- Steam edition cover
- Developers: Funselektor Labs, Strelka Games
- Publisher: Funselektor Labs
- Platforms: Windows; macOS;
- Release: September 26, 2024; 23 months ago
- Genre: Management
- Mode: Single-player

= Golden Lap =

2024 video game

Golden Lap is a 2024 management video game developed and published by Funselektor Labs.

== Gameplay ==

A qualifying race. The leaderboard, track, and metrics of a driver can be seen.

Golden Lap is a sports management video game. Set in the 1970s, the player takes control of a Formula One team, managing personnel, car construction, driver training, and race performance. There are two game modes available: Career, where the player creates a team and manages it throughout the season, and Quick race, where a single race is played with a preset team. Core gameplay, with cars represented as colored dots racing along a thick line, is shared between the two.

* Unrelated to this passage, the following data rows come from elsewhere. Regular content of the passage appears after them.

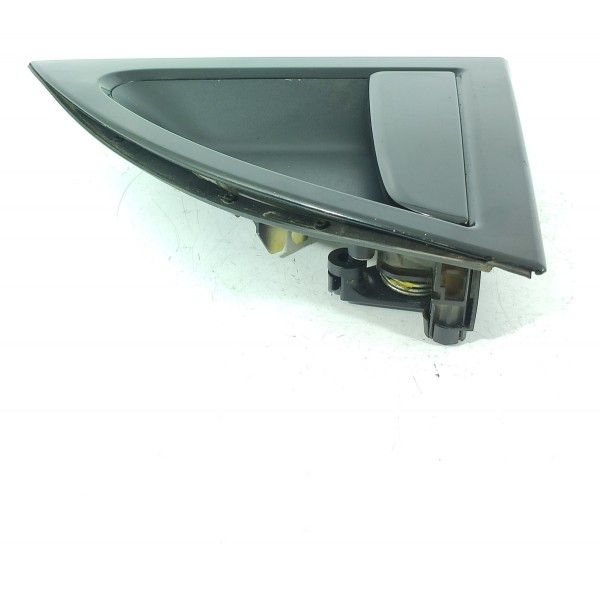 Macaneta Externa Veloster Traseira Dir 2011/2016 836602v100 Preto Traseira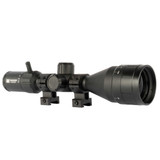 Marauder 2-10x50 SFP MPVO Rifle Scope Optics Monstrum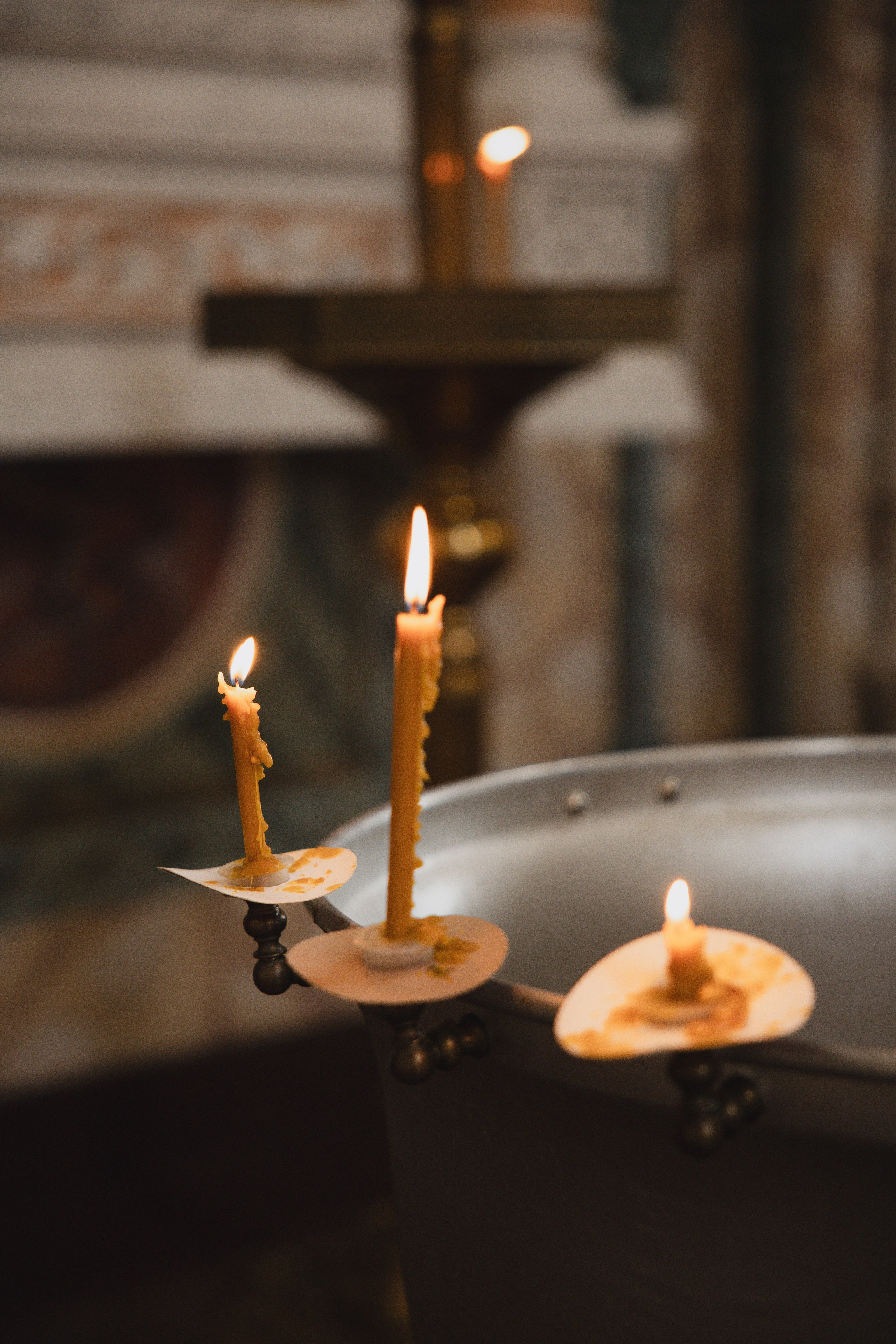 Крещение Кирюши. Фотограф Ломакина Анастасия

The first part of a race is qualifying. Here, each car is sent out individually, with drivers competing for faster lap times and better start positions that come with it. They gain tuning tokens while on the track, which is spent on upgrading the car once they return to the pits. Tokens are spent on three categories that represent different metrics of car performance, each with its own sweet spot, known as the "Golden Tune". The closer the tune is to golden, the better the car will perform; however, a tune exceeding Golden results in a penalty and significantly worsened performance.

After qualifying (which lasts 30 in-game minutes) concludes, the main race begins, with cars lining up on the starting grid and racing along the track. Here, the player must balance speed, fuel consumption, and stress so that the cars do not crash, which may result in a driver getting injured and missing a race or dying..

== Development and release ==
Golden Lap was created and published by Funselektor Labs, a Vancouver, Canada-based indie developer best known for their singleplayer racing games Absolute Drift and Art of Rally. It was released for Windows and macOS through Steam on September 26, 2024, following two playtesting periods in April and May.

== Reception ==
Golden Lap was released to a positive reception. Review aggregator Metacritic gave the game a score of 78, meaning "Generally Favorable".

Its simplistic gameplay received praise, with Mark Warren of VG247 labeling it "wonderfully relaxing minimalism" and Ben Lyons of Gamereactor describing it as "an F1 management simulator without all the fuss".